# Turn out the lights, Tommy D's party is over



## Mootsie (Feb 4, 2004)

50th today in the Route de Sud ITT that was uphill - supposedly were he should shine. You gotta think the Tour is out now. He was even beaten by 3 of his teammates.


----------



## asgelle (Apr 21, 2003)

Mootsie said:


> 50th today in the Route de Sud ITT that was uphill - supposedly were he should shine. You gotta think the Tour is out now. He was even beaten by 3 of his teammates.


You mean the ones who were trying? Take at look at GC after Stage 1 and think about the implications for team strategy.


----------



## Mootsie (Feb 4, 2004)

asgelle said:


> You mean the ones who were trying? Take at look at GC after Stage 1 and think about the implications for team strategy.

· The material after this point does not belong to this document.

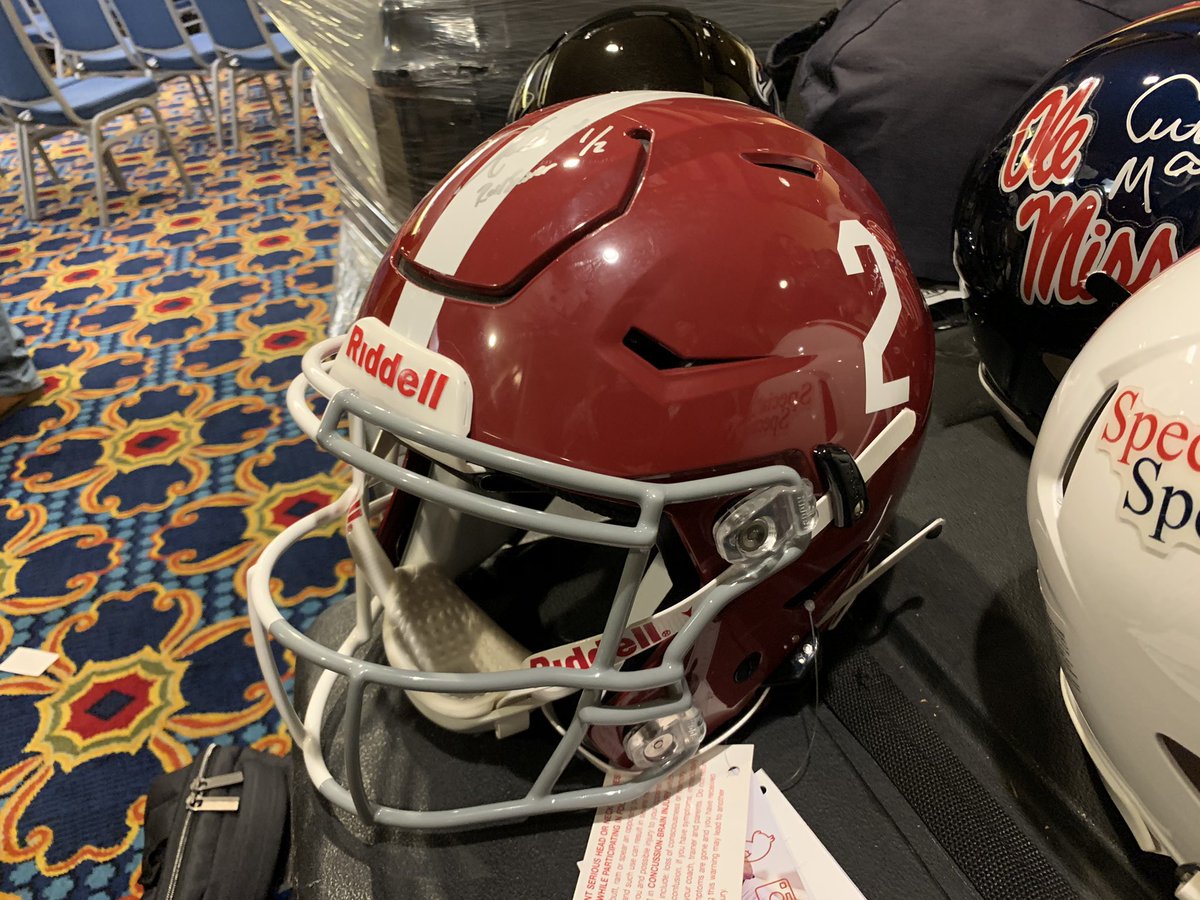 _AlexByington's tweet photo. A look at @JalenHurts’ @seniorbowl helmet tha will be 1/2 #Alabama &amp; 1/2 #Oklahoma. This is the one he’s signed that will he auctioned off for charity with proceeds going to @SpecialFans. https://t.co/slKBvPXprQ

Have you read any of his quotes? He said this is the race that he has to prove himself at. If today's result is a "motivated" effort on his part, he is in deep do do. He didn't have to beat all his teammates and screw up team strategy to show his form, but the dude didn't even come close to top 10/15 or 25.


----------



## asgelle (Apr 21, 2003)

Mootsie said:


> If today's result is a "motivated" effort on his part ...


So now you're not sure?


----------



## Mootsie (Feb 4, 2004)

asgelle said:


> So now you're not sure?


I am sure he's screwed unless JV knows something we don't.


----------



## asgelle (Apr 21, 2003)

Mootsie said:


> I am sure he's screwed unless JV knows something we don't.


And isn't that exactly the point? Vaughters may well have told him to take it easy. The team strategy isn't about racing his team mates in the TT, but conserving energy in a now meaningless stage so he's fresh to help Martin over the next two days.


----------



## bigpinkt (Jul 20, 2006)

Tom was saying that he was targeting the TT ....perhaps he had a mechanical? Or maybe it is because he ____________ (Insert favorite TD excuse here)


----------



## den bakker (Nov 13, 2004)

bigpinkt said:


> Tom was saying that he was targeting the TT ....perhaps he had a mechanical? Or maybe it is because he ____________ (Insert favorite TD excuse here)


was that said before or after the team had a guy in second place overall?


----------



## davidka (Dec 12, 2001)

Tommy D. has some gifts, he's just a little too delicate.


----------



## Mootsie (Feb 4, 2004)

asgelle said:


> And isn't that exactly the point? Vaughters may well have told him to take it easy.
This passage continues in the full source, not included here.